» **GIVEN DATA**
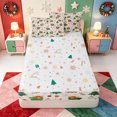 thumbnail image 4 of Manfei Merry Xmas Zipper Queen Comforter Set with Fitted Sheet and 2 Pillowcases,Rustic Animals Zipper Bedding Set,Xmas Reversible,4pcs, 4 of 7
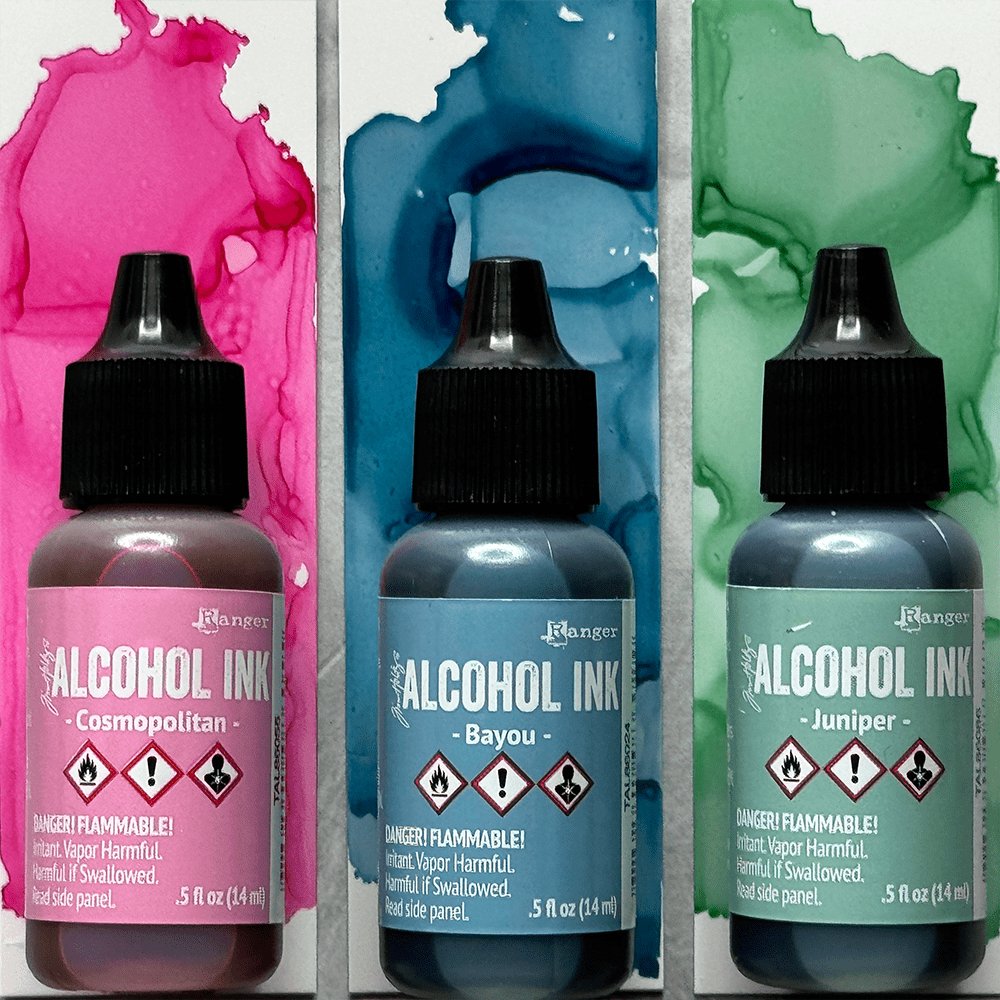 Tim Holtz Alcohol Ink Set of 3 - Getaway (Cosmopolitan, Bayou, Juniper) - The Merri Artist - merriartist.com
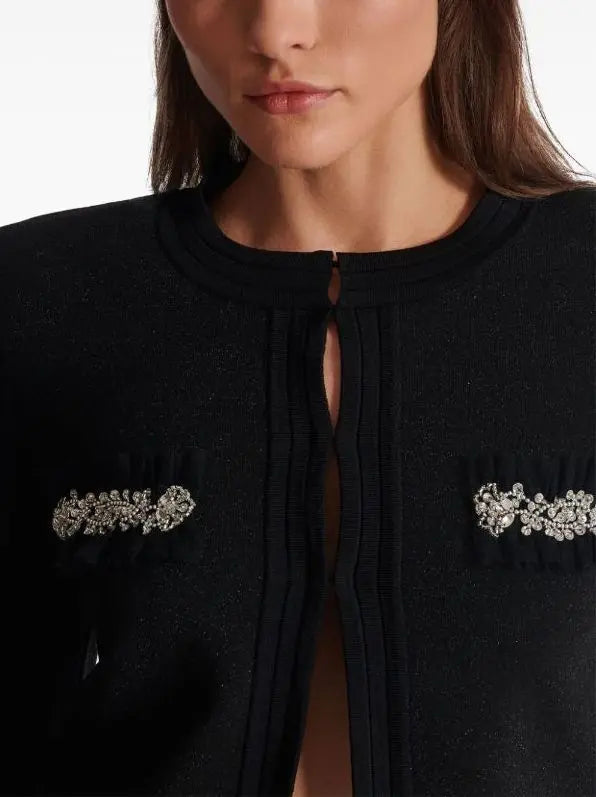 Crystal and Ruffle-Trim Black Cardigan Sweater - Sweaters & Knitwear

» **TASK REQUIREMENTS**
Every line above is to be reproduced verbatim, and the pictures are to be omitted.

» **TASK RESPONSE**
 thumbnail image 4 of Manfei Merry Xmas Zipper Queen Comforter Set with Fitted Sheet and 2 Pillowcases,Rustic Animals Zipper Bedding Set,Xmas Reversible,4pcs, 4 of 7
 Tim Holtz Alcohol Ink Set of 3 - Getaway (Cosmopolitan, Bayou, Juniper) - The Merri Artist - merriartist.com
 Crystal and Ruffle-Trim Black Cardigan Sweater - Sweaters & Knitwear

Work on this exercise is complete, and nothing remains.